::: Source data
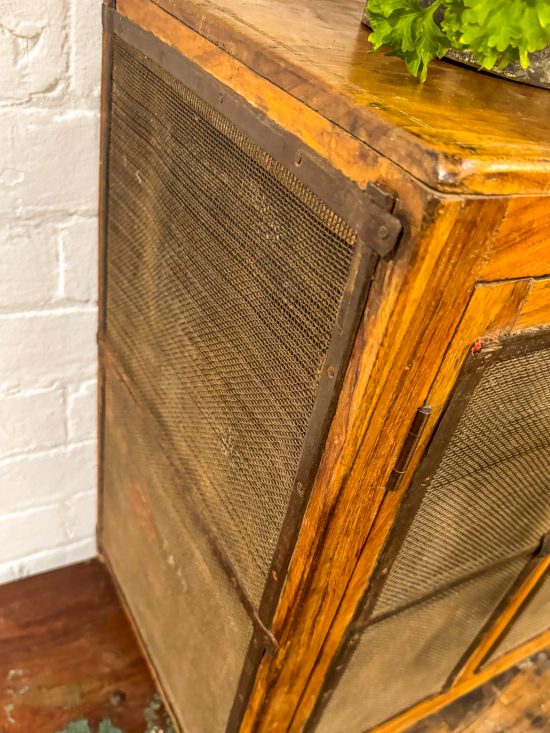 Small Original Mesh/Wood Cabinet - Image 3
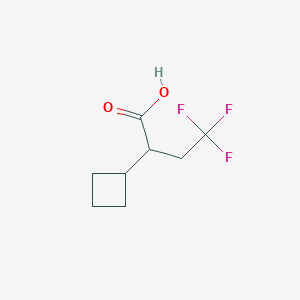 2-Cyclobutyl-4,4,4-trifluorobutanoic acid
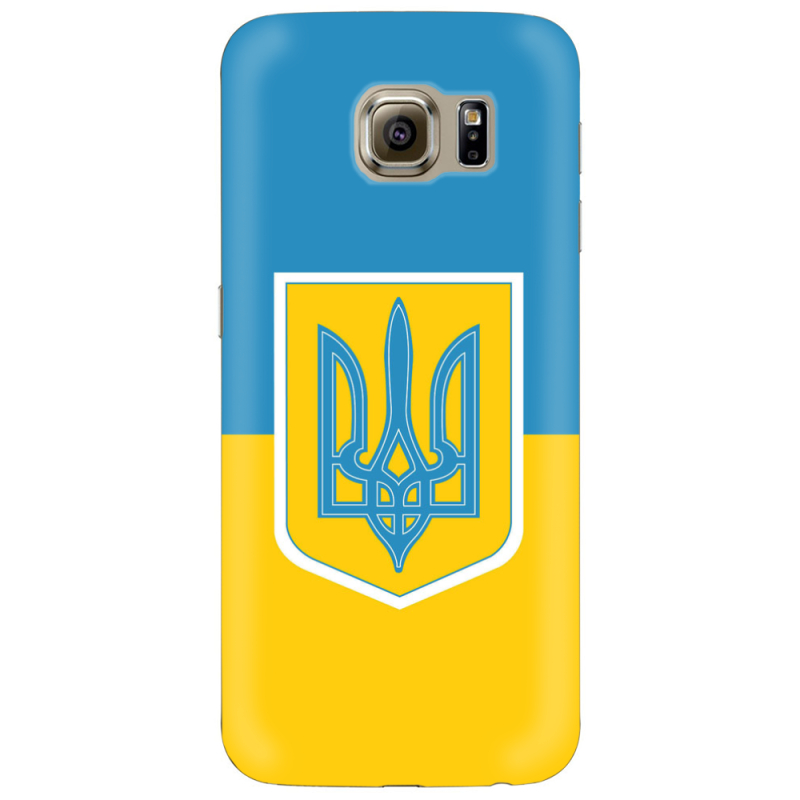 Чехол Uprint Samsung G925 Galaxy S6 Edge Герб України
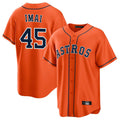 H.Astros #45 Tatsuya Imai Player Orange Home Game Ddoa Stitched Jerseys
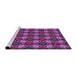 Sideview of Machine Washable Transitional Dark Magenta Purple Rug, wshpat3157pur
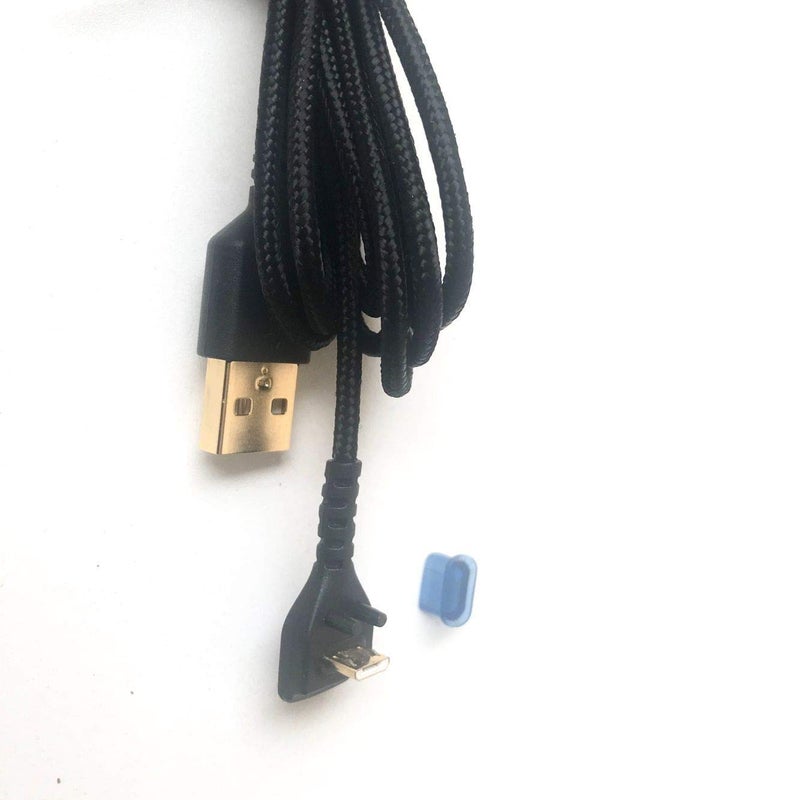 LZYDD 2 Metres Black USB Male-to-Male Gaming Mouse Cable for SteelSeries Rival 700 and 710 Mouse - Image 4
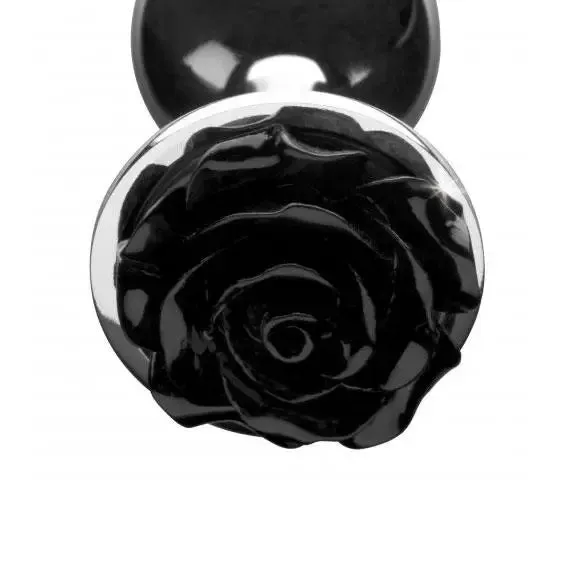 3.5-inch Booty Sparks Black Medium Aluminium Metal Butt Plug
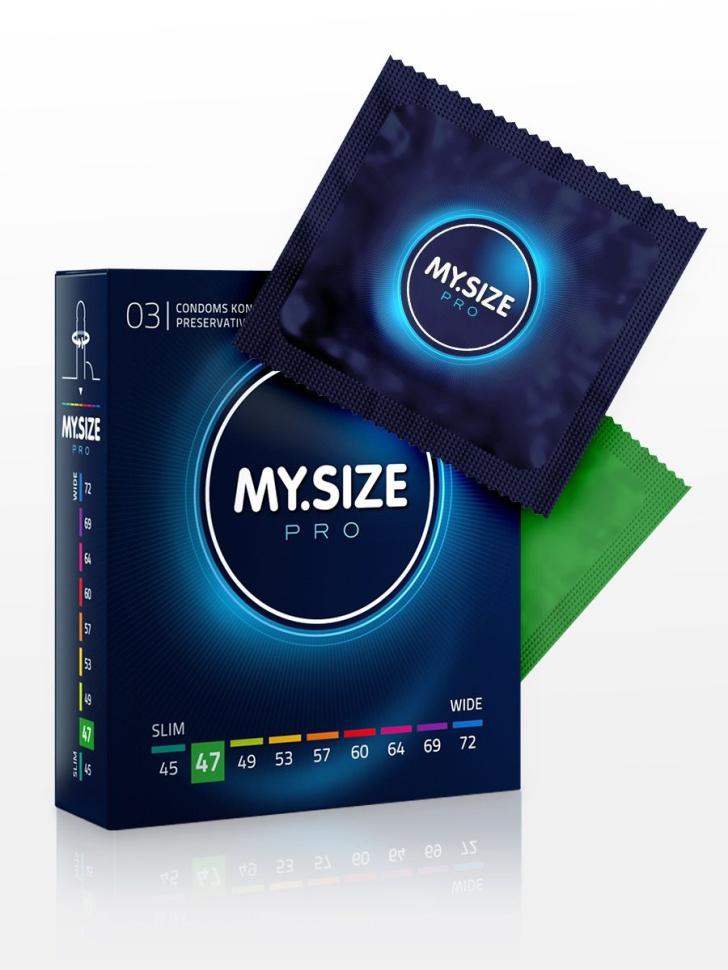Презервативы MY.SIZE размер 47 - 3 шт. купить в секс шопе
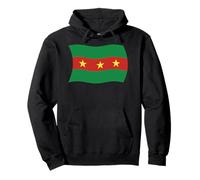 Drapeau ondulé du Peuple Ewe Ghana Togo Bénin Sweat à Capuche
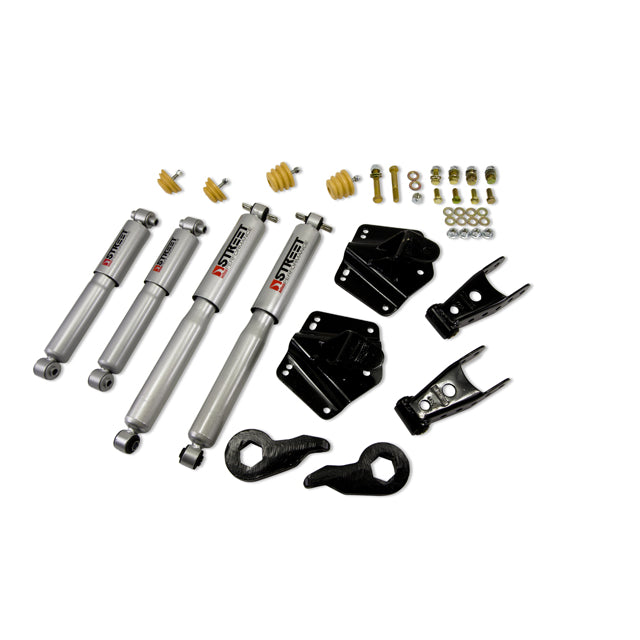 9299-Gm-Suburban-K1500-1-Or-3-F4-R-W-Sp-Shocks-Lowering-Kit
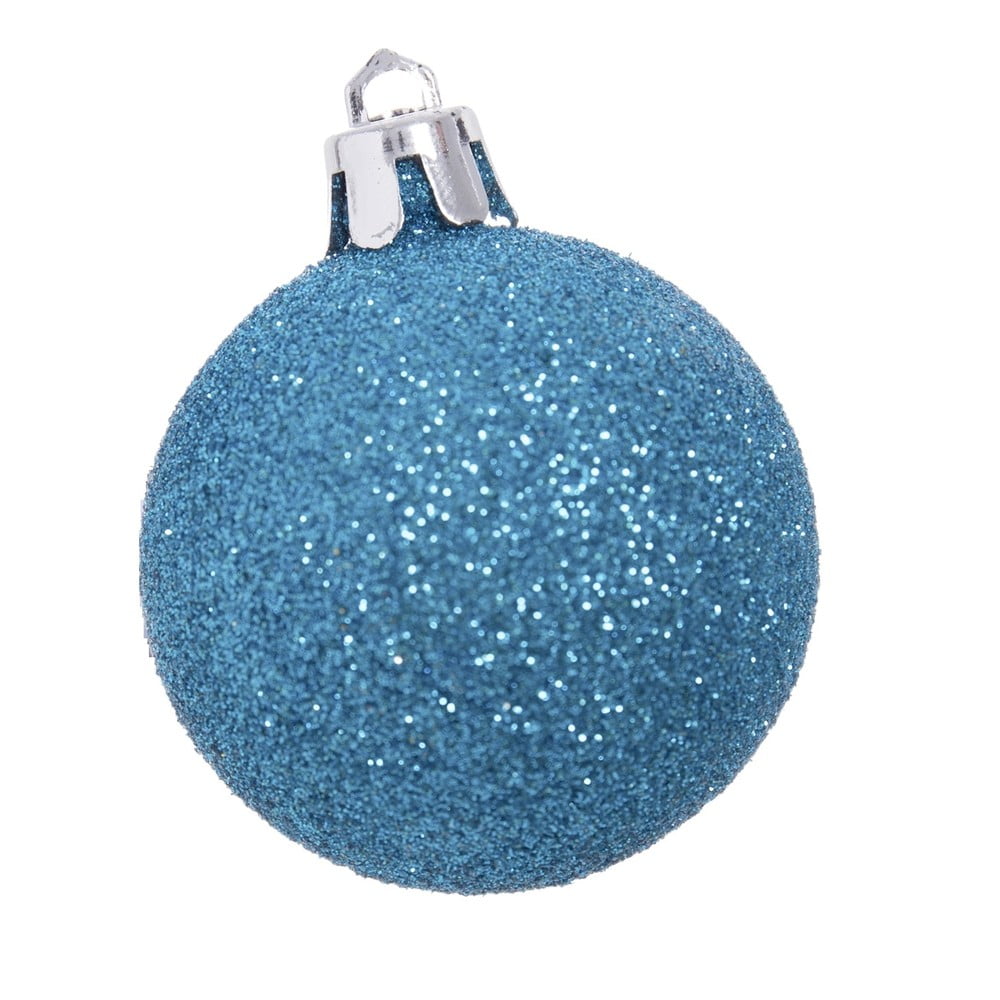 E-shop Modré vianočné ozdoby v súprave 12 ks Casa Selección, ⌀ 4 cm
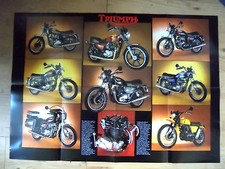 TRIUMPH SALES BROCHURE POSTER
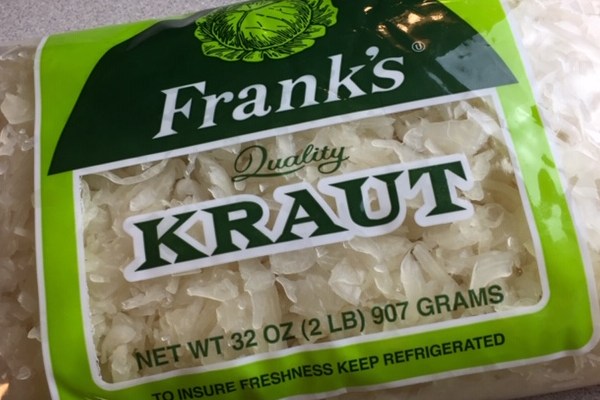 fresh sauerkraut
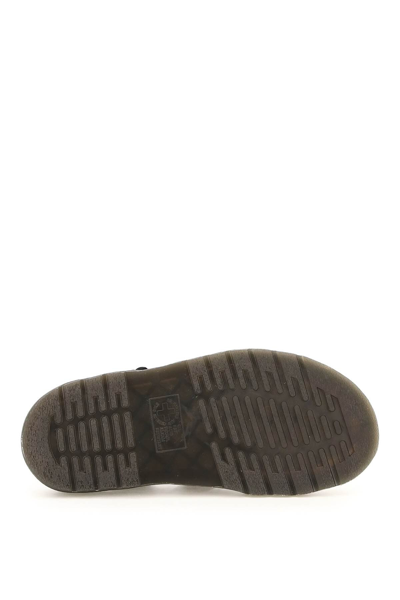 Shop Dr. Martens' Gryphon Brando Sandals In Black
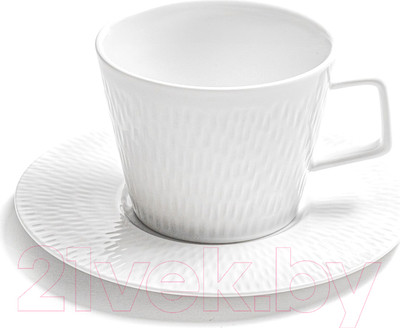 Чашка с блюдцем Stenova Home Onega 61412131 (белый)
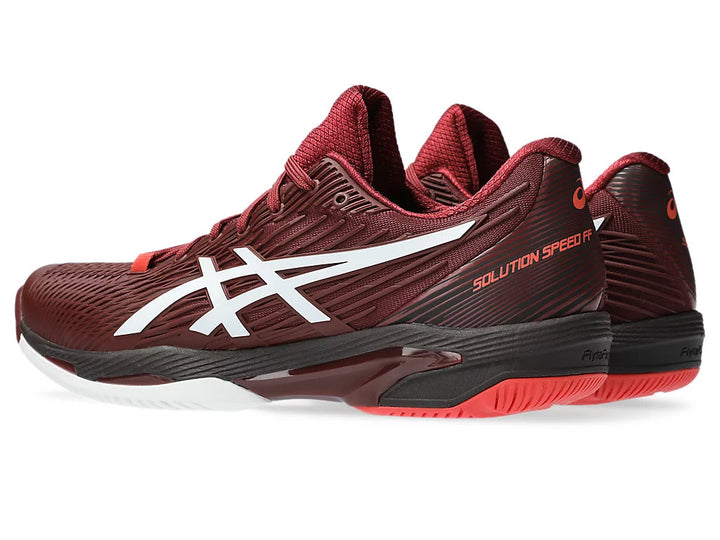 Asics Solution Speed FF 2 Men's Tennis Shoe Antique Red/White 1041A182-602 Men's Tennis Shoes Asics 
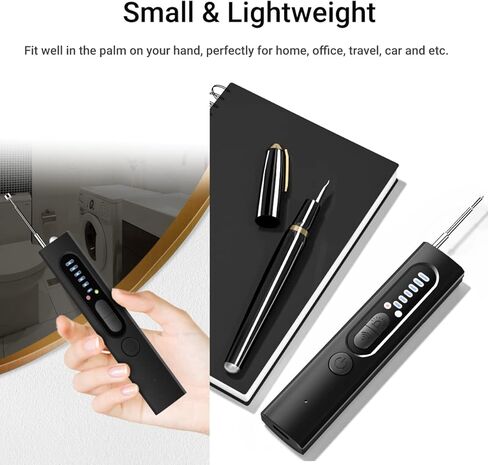 ميو وانجو كاشف الكاميرا الخفية، كاشف مضاد للتجسس | جهاز استماع، كاشف تتبع نظام تحديد المواقع | ماسح اشارة لاسلكي RF يكتشف الاجهزة المخفية للمنزل والمكتب والسفر in Kuwait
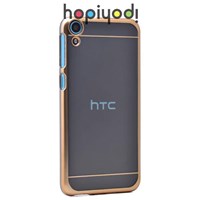 HTC Desire 820 Kılıf Elegance Şeffaf Sert Kapak Altın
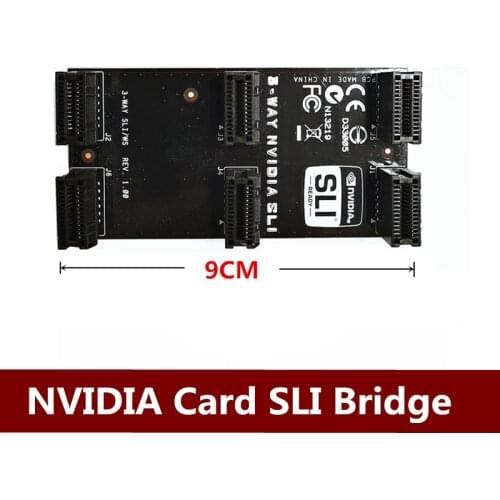NEW nVidia Card SLI Bridge PCI-E Graphics Connector 3way Hard Bridge Card for Graphics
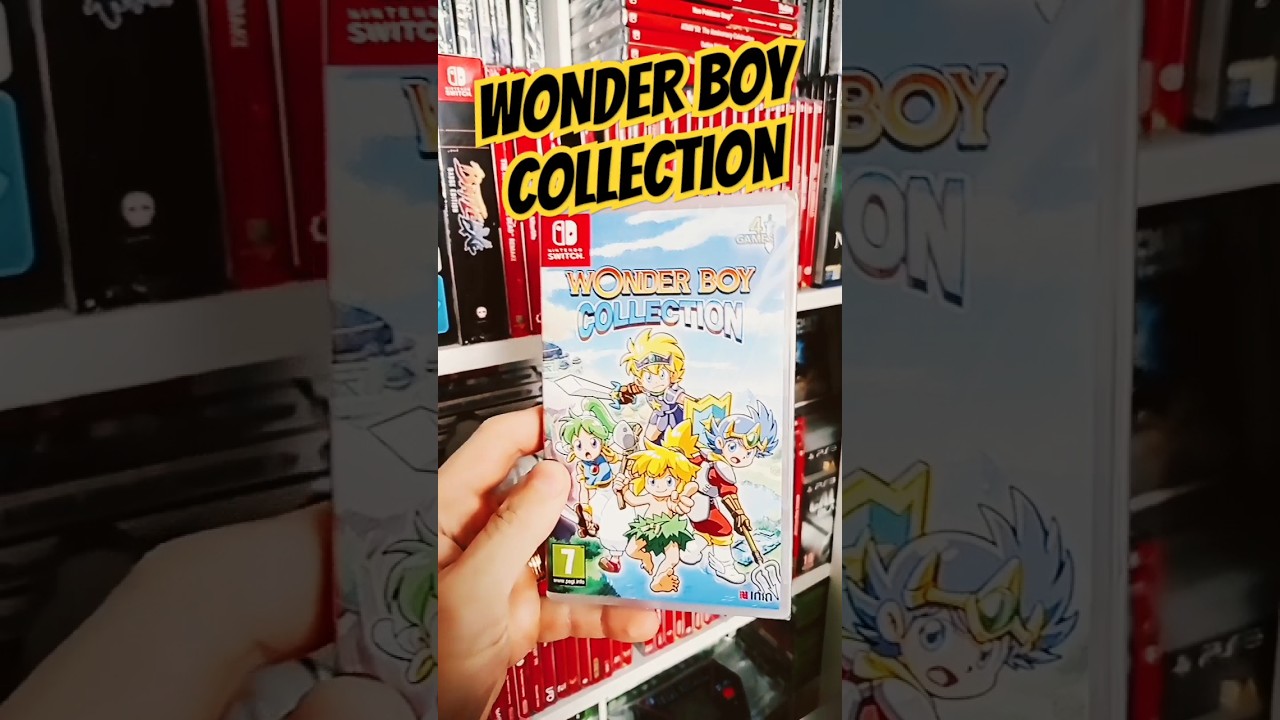 ☀️WONDER BOY COLLECTION en SWITCH☀️ #switch #wonderboy #nintendo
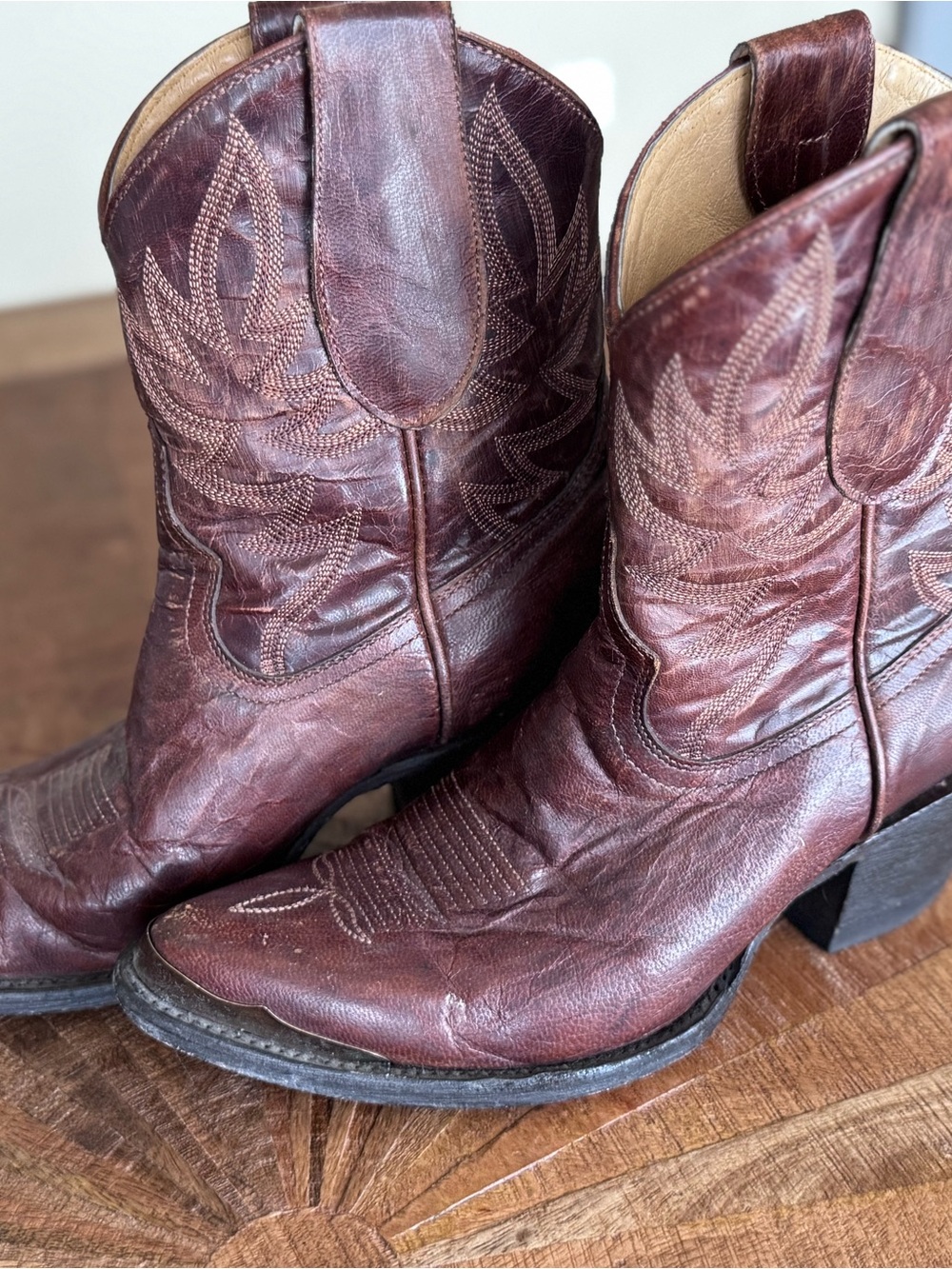 Idyllwind Brown Western Cowboy Heeled Boots 7.5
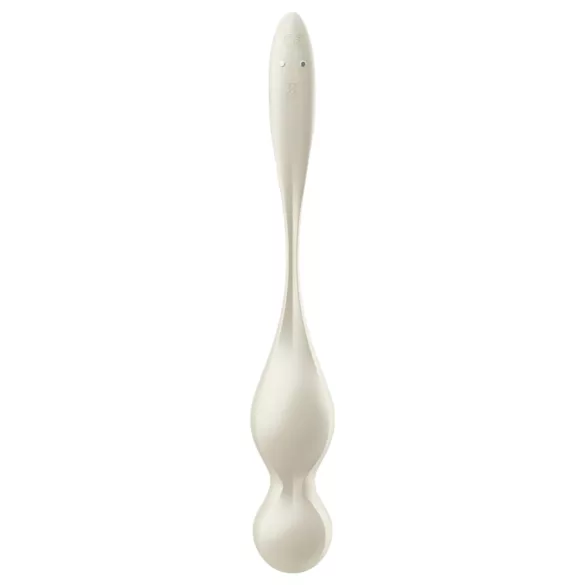Satisfyer Love Birds 1 - вагинални топчета с вибрация, управлявани чрез приложение (бели)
::::::
### Work instruction
Reproduce the data above exactly, but only from the line containing "Shop Dr. Martens'" through the line containing "HTC Desire 820"; skip the pictures.

### Written answer
 Shop Dr. Martens' Gryphon Brando Sandals In Black
 Чашка с блюдцем Stenova Home Onega 61412131 (белый)
 Asics Solution Speed FF 2 Men's Tennis Shoe Antique Red/White 1041A182-602 Men's Tennis Shoes Asics 
 ميو وانجو كاشف الكاميرا الخفية، كاشف مضاد للتجسس | جهاز استماع، كاشف تتبع نظام تحديد المواقع | ماسح اشارة لاسلكي RF يكتشف الاجهزة المخفية للمنزل والمكتب والسفر in Kuwait
 HTC Desire 820 Kılıf Elegance Şeffaf Sert Kapak Altın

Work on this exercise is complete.